L’adozione e’ un modo particolare di essere mamma, che comporta dinamiche psico-emotive molto diverse dalla maternità naturale

Nella mia esperienza, nonostante tutti i corsi fatti e tutto il gran parlare degli assistenti sociali, niente e nessuno mi ha preparato all’impatto di portare a casa un “piccolo sconosciuto” e di imparare ad amarlo come mio figlio.

Ho dovuto scoprire da sola e poi gestire la depressione post-adozione, l’ambivalenza della madre adottiva verso il bambino, e soprattutto il trauma del mio bambino, che si è ritrovato improvvisamente circondato da persone, suoni, odori e luoghi nuovi. E lo stesso è successo a mio marito dal punto di vista paterno.

Il supporto post-adozione dei servizi sociali poi è inutile, pochi lo usano per paura che i servizi sociali si riprendano il bambino.
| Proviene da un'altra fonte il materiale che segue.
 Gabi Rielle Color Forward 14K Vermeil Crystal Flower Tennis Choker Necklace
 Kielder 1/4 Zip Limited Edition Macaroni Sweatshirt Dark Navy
Quindi, a meno di avere un’amica o una parente che ha adottato, una mamma adottiva è da sola col suo bambino in un groviglio di emozioni.

Io ho trovato sistemi pratici per gestire situazioni complicate e il mio desiderio e’ di condividerli con le mamme adottive per aiutarle a non sentirsi sole.
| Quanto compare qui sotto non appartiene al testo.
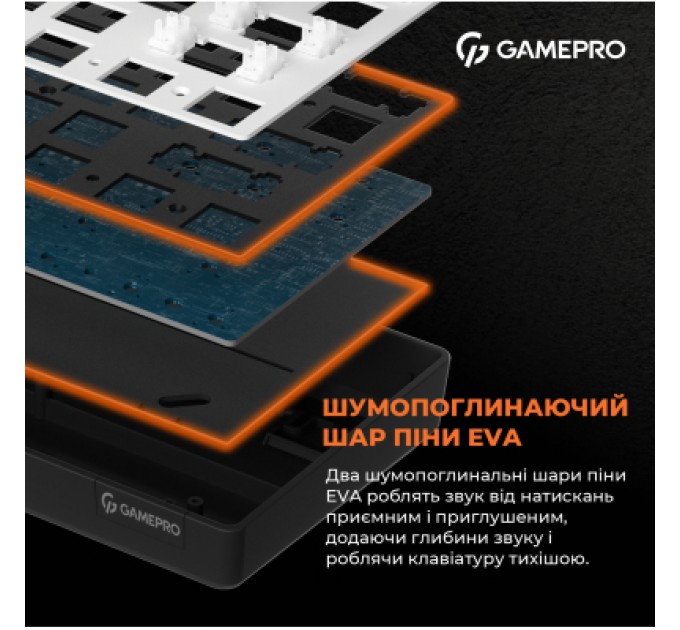 GamePro Клавіатура GamePro MK130R Hot-Swap Red Swich RGB USB UA Black (MK130R)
Quando chiamarlo “mio figlio” proprio non funziona…

Quando il piccolo D.F. è arrivato a casa, uno dei primi drammi che ho vissuto è stato il fatto di non riuscire a chiamarlo mio figlio. Tutti dicevano “che bello tuo figlio”, “sei contenta che finalmente hai un figlio?”, ma io sorridevo e annuivo senza capire.
In che senso mio figlio? Ma chi? Quel bambino appena arrivato che non so neanche chi è?
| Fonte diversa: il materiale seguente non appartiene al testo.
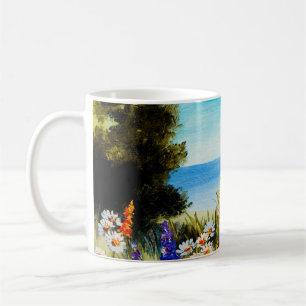 oil painting flowers near the sea, camomile field, coffee mug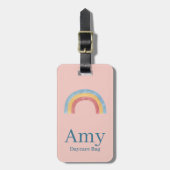 Personalisierter Boho-Regenbogen-Windeltaschenanhä Gepäckanhänger (Vorderseite vertikal)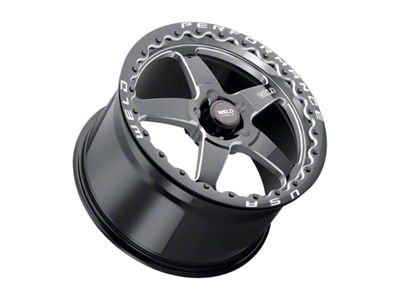 WELD Street Performance Ventura Beadlock Gloss Black Milled Wheel; 15x12; 28mm Offset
Sembra un atteggiamento estremo ed ingrato, ma è vero. Mi è successo cosi! Non mi relazionavo, la mia mente non lo riconosceva come figlio e la parola era per me vuota di significato al punto che non riuscivo a dirla. Quando cercavo di inserire nel discorso la parola“figlio” sembravo Fonzie di Happy Days quando cerca di chiedere scusa: mi usciva solo un patetico balbettio. Poi ci restavo malissimo e piangevo.

Perché mi succedeva? Col tempo ho capito una cosa semplicissima:

l’amore non ha un interruttore per accenderlo quando si vuole, l’amore e’ come una piantina che cresce piano piano…

portando a casa il piccolo avevo piantato il semino e adesso dovevo solo avere la pazienza di aspettare che germogliasse. Ma nel frattempo, come potevo chiamare D. F. se non mio figlio?

Un giorno, dopo averci pensato e ripensato e pregato e sperato di trovare una soluzione, Eureka! Lo chiamerò “il mio bambino”! E’ stato l’uovo di Colombo e ha funzionato a meraviglia. “Mio” perché comunque era con me, a casa mia e nella mia vita; “bambino” perché era effettivamente un bambino. Mentre le parole “mio figlio” descrivevano uno stato emotivo, per cui io non ero ancora pronta, un amore che ancora non sentivo, le parole “mio bambino” riflettevano un semplice stato di fatto e quindi erano facili da dire.

Quando mi sono tolta dal cuore il peso di dovere amare il mio bambino a comando, l’amore è sbocciato!